The good-enough player turned out to be great at molding young basketball talent, starting with his sons Drew and Denzel. When they were boys, he pushed them through the “square-up drill”— a pull-up jumper off one dribble — for hours and hours. When they were young men, he coached them at J.W. Sexton High School, where Denzel won two state championships. (One of Denzel’s teammates was Bryn Forbes, who now plays for the Milwaukee Bucks.)
Drew and Denzel are now both big names in Chicago basketball. Denzel is a role-playing guard for the Bulls. This week, Drew was named head coach at Loyola University — at 29, the youngest coach in NCAA Division I. Growing up in a basketball family from a basketball town helped him get there.
“I think it was just the consistency that he coached with every day — the passion and the fire that he coached with was inspiring for all the players,” Drew said of playing under his father in high school. “We probably spent 30 minutes a day on just jumping to the ball, simple defensive positioning, and the simple fundamentals from a defensive standpoint are things that have still stuck with me to this day, and that’s kind of where I got my passion for that side of the ball.”
Drew played college basketball at Oakland University, a mid-major team in the Horizon League. Denzel was the more talented player, Drew the better leader. After those state titles at Sexton, Denzel was recruited to Michigan State, his father’s alma mater. The two brothers’ skills ended up complementing each other. From 2013 to 2015, Drew served as a graduate assistant under Spartan coach Tom Izzo. Every day, he drilled his brother on basketball fundamentals, just as their father had drilled them as boys.
“I would say we both kind of took off when we were with each other,” Drew said. “He’s always been a really good player, and he really improved himself. Going from his freshman year to his sophomore year at Michigan State, he really took off, and then he made another huge jump going from his sophomore to his junior year, and those were my two years. I think when he kind of made the biggest jump was when I was around him, and it also benefited me because I had somebody that trusted me and knew that I had his best interests. I think one thing we really worked on was his shooting. He wasn’t a great shooter originally. We really worked on his off-the-dribble 3s. That’s a shot that he’s really gotten good at. That’s kind of where the game has went, and I think he kind of got ahead of it.”

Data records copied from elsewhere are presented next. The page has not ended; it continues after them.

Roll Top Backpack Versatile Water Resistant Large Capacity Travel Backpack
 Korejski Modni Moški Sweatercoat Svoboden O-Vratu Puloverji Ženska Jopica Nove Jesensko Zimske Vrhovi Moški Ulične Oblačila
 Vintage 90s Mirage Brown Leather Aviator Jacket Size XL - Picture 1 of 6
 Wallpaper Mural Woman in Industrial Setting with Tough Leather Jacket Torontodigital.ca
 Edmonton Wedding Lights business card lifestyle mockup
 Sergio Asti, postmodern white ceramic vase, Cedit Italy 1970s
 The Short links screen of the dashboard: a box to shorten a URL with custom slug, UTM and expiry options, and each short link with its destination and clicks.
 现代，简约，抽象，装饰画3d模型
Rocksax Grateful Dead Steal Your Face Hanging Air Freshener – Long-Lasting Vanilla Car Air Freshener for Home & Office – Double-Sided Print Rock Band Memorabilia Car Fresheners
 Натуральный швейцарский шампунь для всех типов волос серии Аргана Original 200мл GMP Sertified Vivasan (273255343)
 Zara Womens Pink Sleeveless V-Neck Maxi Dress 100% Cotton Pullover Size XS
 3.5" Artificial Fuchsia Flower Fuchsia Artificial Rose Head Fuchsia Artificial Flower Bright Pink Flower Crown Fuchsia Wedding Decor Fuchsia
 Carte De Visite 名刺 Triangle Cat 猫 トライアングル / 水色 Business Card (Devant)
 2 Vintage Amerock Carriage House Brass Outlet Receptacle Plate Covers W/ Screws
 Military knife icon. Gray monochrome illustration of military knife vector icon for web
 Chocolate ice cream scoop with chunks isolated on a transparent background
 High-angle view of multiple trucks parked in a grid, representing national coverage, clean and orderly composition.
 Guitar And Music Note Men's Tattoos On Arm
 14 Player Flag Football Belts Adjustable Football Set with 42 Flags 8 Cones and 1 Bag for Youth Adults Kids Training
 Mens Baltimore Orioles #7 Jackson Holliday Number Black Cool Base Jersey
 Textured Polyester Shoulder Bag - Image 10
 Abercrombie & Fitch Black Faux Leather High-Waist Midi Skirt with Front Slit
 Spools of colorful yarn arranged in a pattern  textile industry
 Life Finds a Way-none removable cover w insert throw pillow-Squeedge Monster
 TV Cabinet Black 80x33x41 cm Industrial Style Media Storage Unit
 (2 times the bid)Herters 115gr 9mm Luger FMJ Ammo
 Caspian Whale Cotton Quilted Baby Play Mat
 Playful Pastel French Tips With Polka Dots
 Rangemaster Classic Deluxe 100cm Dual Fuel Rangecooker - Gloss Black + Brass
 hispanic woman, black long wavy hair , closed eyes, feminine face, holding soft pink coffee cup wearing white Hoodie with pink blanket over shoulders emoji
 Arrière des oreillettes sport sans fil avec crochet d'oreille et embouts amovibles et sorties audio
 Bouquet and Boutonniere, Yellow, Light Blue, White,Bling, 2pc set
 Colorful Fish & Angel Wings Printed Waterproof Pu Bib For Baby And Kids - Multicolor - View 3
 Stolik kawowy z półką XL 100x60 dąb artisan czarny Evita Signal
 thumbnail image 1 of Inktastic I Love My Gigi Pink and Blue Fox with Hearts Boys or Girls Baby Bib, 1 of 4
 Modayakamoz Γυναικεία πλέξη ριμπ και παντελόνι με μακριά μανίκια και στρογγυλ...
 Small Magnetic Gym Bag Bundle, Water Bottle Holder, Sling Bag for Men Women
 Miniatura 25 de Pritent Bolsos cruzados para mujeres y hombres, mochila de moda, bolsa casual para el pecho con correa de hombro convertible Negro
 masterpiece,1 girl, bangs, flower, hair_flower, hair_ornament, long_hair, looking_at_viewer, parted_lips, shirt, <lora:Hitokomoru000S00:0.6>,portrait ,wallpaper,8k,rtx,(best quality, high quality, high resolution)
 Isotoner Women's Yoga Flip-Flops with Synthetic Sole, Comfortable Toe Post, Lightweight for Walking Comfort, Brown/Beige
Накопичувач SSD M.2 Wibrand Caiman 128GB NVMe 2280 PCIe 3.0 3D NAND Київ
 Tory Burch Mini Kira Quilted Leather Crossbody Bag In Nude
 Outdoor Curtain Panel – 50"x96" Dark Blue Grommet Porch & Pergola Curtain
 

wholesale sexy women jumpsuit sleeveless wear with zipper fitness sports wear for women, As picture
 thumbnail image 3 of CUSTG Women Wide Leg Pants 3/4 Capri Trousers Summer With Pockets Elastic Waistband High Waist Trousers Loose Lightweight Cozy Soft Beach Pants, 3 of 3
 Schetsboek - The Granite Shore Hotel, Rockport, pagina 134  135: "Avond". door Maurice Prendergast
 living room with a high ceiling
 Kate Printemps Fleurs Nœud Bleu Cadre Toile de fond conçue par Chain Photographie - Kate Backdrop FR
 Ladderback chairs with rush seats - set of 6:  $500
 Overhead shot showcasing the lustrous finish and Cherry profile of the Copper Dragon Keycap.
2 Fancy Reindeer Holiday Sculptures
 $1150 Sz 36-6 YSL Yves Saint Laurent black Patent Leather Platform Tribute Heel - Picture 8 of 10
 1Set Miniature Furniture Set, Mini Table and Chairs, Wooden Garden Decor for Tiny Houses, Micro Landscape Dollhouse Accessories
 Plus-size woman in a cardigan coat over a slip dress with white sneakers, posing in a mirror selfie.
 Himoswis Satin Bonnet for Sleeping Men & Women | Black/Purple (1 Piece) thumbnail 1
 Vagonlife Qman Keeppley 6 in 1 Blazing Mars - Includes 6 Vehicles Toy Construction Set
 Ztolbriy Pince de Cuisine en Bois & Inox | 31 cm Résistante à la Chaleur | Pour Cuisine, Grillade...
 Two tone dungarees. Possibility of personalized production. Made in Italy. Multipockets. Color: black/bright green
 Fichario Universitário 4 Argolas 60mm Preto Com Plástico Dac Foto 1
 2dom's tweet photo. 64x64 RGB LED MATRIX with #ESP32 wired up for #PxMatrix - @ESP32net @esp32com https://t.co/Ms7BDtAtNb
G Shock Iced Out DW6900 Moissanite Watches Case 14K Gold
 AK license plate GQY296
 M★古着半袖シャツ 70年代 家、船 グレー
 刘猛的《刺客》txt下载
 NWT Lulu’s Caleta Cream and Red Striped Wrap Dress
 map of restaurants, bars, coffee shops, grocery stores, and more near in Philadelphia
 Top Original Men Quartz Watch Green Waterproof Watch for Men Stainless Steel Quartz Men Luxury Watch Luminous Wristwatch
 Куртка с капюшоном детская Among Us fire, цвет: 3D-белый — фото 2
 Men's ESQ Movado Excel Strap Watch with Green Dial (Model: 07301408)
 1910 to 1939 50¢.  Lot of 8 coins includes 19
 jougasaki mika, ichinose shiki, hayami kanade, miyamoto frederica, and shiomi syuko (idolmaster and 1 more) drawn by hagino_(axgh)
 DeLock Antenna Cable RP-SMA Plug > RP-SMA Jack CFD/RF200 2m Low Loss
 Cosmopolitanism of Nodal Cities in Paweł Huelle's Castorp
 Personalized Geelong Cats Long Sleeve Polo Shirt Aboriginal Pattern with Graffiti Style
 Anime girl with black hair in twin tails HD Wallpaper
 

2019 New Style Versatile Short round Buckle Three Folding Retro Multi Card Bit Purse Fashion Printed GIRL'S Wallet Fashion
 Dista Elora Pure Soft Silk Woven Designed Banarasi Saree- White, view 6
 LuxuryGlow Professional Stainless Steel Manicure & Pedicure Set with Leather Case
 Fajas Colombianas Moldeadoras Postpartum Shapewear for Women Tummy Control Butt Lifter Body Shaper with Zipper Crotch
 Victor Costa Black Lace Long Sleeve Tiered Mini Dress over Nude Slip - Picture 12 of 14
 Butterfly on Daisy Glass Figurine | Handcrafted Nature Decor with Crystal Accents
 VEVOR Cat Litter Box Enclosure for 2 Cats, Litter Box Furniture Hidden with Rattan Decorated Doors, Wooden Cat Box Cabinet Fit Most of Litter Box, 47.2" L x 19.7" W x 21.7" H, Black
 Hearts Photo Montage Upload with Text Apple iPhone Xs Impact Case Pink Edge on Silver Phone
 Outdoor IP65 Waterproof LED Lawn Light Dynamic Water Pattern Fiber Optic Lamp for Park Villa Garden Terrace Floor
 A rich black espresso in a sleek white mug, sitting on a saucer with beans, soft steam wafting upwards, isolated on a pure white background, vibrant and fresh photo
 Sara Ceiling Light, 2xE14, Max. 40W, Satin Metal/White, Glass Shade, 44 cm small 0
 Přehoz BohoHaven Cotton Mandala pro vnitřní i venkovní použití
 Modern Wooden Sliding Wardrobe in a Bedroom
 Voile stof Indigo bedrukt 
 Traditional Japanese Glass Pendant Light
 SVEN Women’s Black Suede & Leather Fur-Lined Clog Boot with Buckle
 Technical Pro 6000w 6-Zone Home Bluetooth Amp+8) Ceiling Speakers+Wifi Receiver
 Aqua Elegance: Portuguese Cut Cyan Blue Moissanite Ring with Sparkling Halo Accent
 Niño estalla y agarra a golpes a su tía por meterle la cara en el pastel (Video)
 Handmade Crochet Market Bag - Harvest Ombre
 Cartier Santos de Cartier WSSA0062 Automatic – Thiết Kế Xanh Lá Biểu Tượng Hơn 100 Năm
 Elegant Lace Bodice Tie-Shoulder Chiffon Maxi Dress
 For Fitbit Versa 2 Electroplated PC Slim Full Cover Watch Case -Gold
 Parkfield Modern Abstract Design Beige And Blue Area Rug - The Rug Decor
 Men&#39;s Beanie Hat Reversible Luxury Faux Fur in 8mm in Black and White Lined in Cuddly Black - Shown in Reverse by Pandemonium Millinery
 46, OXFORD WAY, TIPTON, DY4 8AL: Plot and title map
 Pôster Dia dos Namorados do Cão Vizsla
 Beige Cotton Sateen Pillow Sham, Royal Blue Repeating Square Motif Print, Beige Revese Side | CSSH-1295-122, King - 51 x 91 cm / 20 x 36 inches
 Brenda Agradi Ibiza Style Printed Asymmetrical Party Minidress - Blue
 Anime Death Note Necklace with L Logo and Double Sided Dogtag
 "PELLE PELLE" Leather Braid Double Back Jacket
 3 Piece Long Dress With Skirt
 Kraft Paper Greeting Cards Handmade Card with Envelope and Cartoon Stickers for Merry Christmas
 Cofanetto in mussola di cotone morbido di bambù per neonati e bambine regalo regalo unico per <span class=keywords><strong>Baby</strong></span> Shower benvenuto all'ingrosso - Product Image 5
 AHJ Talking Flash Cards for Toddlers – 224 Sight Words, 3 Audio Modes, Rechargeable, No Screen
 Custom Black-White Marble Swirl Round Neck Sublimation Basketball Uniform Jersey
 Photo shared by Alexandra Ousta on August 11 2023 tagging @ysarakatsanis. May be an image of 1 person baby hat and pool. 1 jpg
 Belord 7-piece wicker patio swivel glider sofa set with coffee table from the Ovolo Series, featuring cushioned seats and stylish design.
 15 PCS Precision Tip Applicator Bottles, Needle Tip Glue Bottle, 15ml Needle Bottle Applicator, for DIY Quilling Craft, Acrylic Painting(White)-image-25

In 2015, Michigan State went to the Final Four of the NCAA basketball tournament. In 2016, Denzel was a lottery pick for the Bulls. Developing Denzel into an elite player made Drew believe he had a future in coaching.
“It just gave me a ton of confidence that I could do it, that I was good enough, and I could coach high level players,” Drew said.
For ambitious young Lansingites, moving to Chicago is a rite of passage. (Eight North Side bars cater to Michigan State graduates.) Denzel beat Drew here by a year. Drew spent two years as an assistant coach at Oakland University before outgoing Loyola coach Porter Moser hired him in 2017, eventually naming him de facto defensive coordinator. The fact that Denzel was playing for the Bulls helped sell Drew on Chicago.
“It wasn’t the main reason, but it was like a consolation prize,” Drew said. “I wouldn’t have come to Chicago if Coach Moser didn’t have such a great vision for the program, but the fact that my brother was here was an added bonus. The fact that we’re doing what we’re doing what we’re doing under the age of 30 in the same city with one another, the fact that it’s one of the biggest cities in the country, it means a lot. We’re super happy for each other, we’re super proud of each other.”
Drew’s parents have moved to Florida, so he only goes back to Lansing a few times a year. Chicago is home now. He and his wife, Taylor, live in Roscoe Village and are expecting their first child in July. He wouldn’t have made it to a big-time program in a big city, though, without the lessons he learned in a small town that has given the world so much great basketball.